Bab 34

6.1K 519 9
                                    

Sekadar informasi, cerita ini akan segera tamat. Nah, ada pengganti yang lagi aku siapkan. Judulnya 'Kali Kedua'. Kalian search aja. Sementara aku posting prolognya ya. Mau tes ombak. Semoga kalian suka dan jangan lupa masukkan ke reading list kalian. Terima kasih. ❤️

Untuk Bunga Desember belum bisa aku lanjutkan sekarang, ya.

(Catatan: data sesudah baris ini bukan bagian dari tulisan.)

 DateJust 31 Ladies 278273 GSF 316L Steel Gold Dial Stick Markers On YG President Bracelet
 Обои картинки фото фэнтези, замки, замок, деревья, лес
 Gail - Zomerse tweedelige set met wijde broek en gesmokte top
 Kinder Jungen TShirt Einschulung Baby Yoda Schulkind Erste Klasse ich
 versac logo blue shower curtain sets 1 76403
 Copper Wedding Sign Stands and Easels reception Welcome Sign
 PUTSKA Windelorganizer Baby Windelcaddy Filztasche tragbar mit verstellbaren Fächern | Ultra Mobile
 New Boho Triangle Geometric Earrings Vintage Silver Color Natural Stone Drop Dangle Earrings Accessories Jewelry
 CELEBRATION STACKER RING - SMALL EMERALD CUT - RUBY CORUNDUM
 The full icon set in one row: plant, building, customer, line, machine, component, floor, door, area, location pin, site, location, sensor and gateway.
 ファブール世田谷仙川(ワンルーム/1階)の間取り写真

Jangan lupa like dan komen biar aku semakin semangat.

***

Arvin membuka pintu kamar dan mendapati sang istri tengah tidur menyamping. Ia berjalan memasuki kamar dan terkejut saat melihat Gavin juga tidur di ranjang yang sama. Segera Arvin membopong dan memindah bayi gembil itu menuju kamar dan memosisikan kamera pengawas di dekat Gavin.

"Gavin kamu pindahin?" tanya Rania saat Arvin kembali ke kamar.

"Iya." Arvin bergabung ke tempat tidur dan mengusap kepala Rania. "Katanya kamu tadi ke rumah sakit. Kenapa nggak ngabarin?"

"Siapa yang bilang?"

"Beberapa perawat." Arvin tersenyum, kemudian menyentuh pipi Rania. "Kamu baik-baik aja, kan?"

Rania mengangguk. Melihat dia yang terlihat santai, Sybil pasti nggak lapor apa pun ke dia. Dan orang-orang di poli kandungan pasti belum membocorkan kabar ini.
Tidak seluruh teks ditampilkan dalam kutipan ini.